The premise of Templarsis that you play as George Stobbart, an American tourist visiting Paris who is caught in an explosion at a cafe. Being understandably curious, you begin to poke around and begin to unravel a sinister plot that threatens the world. But you do so by using your brains, not brawn. The old marketing for the game and even the case itself proudly boasted that you saved the world without a single punch thrown or shot fired. George himself is never stupid, arrogant or patronising because he’s American. Instead he’s the perfect straight man to the eccentric cast.

The story will take you all over Europe, with some affectionately stereotypically accented people to encounter. Rather than play on the stereotypical behaviours of the country though, the people you meet are each given their own unique quirks that makes them strange and memorable. Well, except the other American tourists you encounter.

Unlike Sky this game foregoes big intellectual themes for historical intrigue in its plot and larger than life lunacy for subtle eccentricity in its characters. This works very well, the game’s humour is perfectly balanced against the seriousness of the plot.

The puzzles are more grounded in real world logic too. None of that “use wax lips of yak” stuff. This more cohesive logic to the game’s puzzles also cuts out a lot of the frustration of getting stuck, as ‘blind luck’ and ‘use everything on everything else’ are joined by ‘think it through’ in the stable of adventure game puzzle solving tools.

The game is simply gorgeous to look at, the character models aren’t particularly amazing, but the style in which they’re rendered means they’ve barely aged a day and the pre-rendered back drops are achingly pretty. The music feels like some kind of exquisite mix between game and film score styles, and work well with the rest of the game to make this feel like a huge, sprawling and progressing adventure.

The Director’s Cut is now available for multiple formats and adds new puzzles and a side-plot involving your eventual partner Nicole Colard, and French photojournalist with a sexy accent that helps tie her into the plot and develop her character. Though the new sections are visually very apparent, the puzzles blend well with the others in the game and it’s a nice addition.

There are some problems I have with the Director’s Cut though, a lot of the random, unimportant items you could click on for humorous lines or general atmosphere are gone and there’s a few changes to the art that aren’t a huge deal but bug me. If you’re that fussed, you can get the original and the Director’s Cut editions from gog.com with a few other nice bonuses.

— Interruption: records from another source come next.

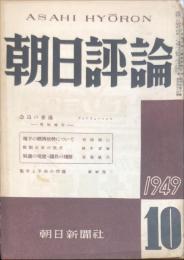 朝日評論　４巻10号 通巻44号　1949年10月號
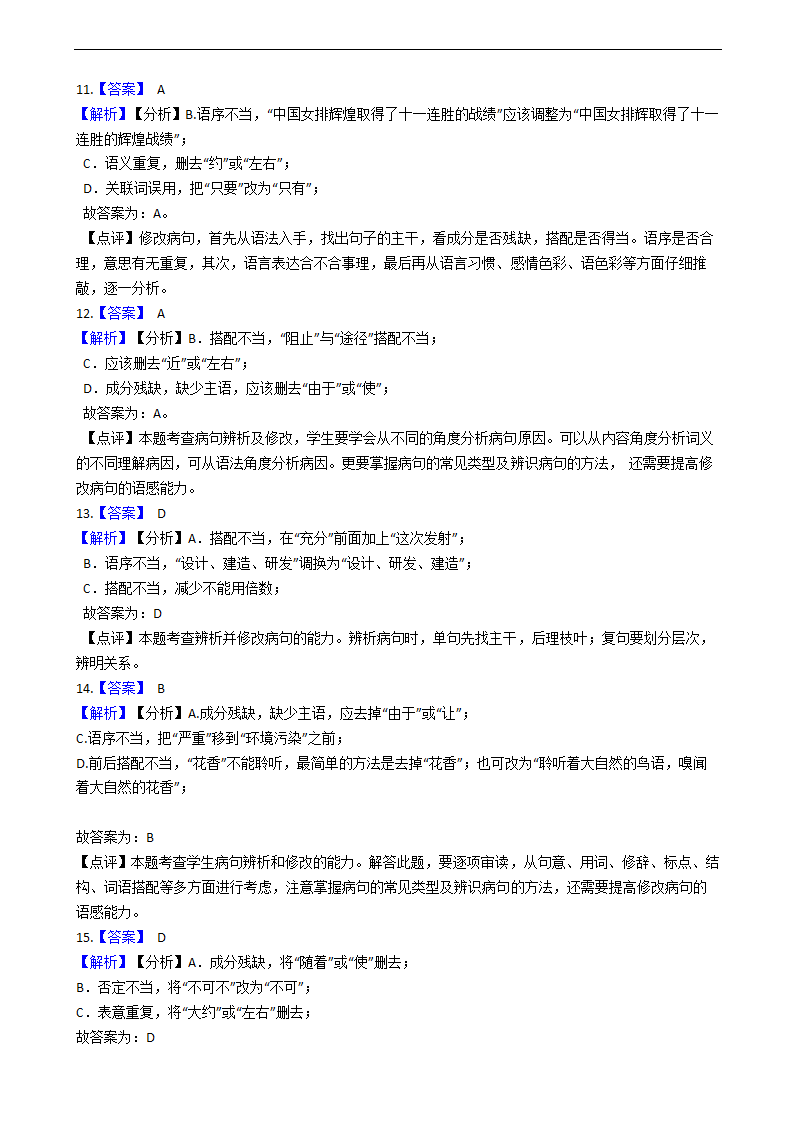 中考语文二轮复习修改病句专项练习（含答案）.doc第11页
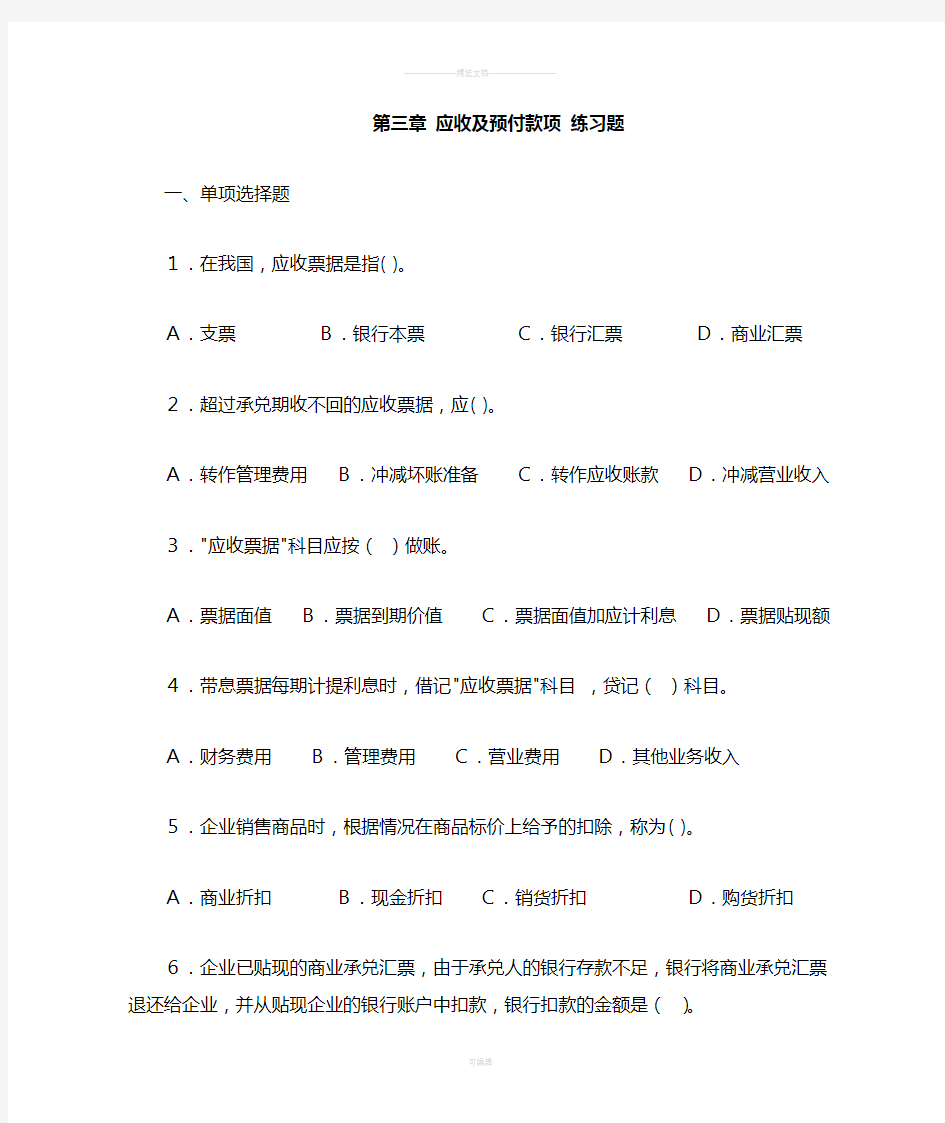 第三章-应收及预付款项-练习题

This game is basically what you’d get if Dan Brown was a competent writer that checks his facts. This is a good length, enjoyable and challenging adventure. It’s so widely available these days there’s almost no reason not to check it out on some format.

Price: (CEX) £2 PC
£8 Wii Director’s Cut
£3.50 Broken Sword Trilogy PC
£5 DS Director’s Cut

(Steam) £4.99 Director’s Cut
£9.99 Broken Sword Trilogy

(gog.com) $5.99 Director’s Cut
(NOTE: This is the only digitally available way buy the original version legally, it’s bundled in with the Director’s Cut.)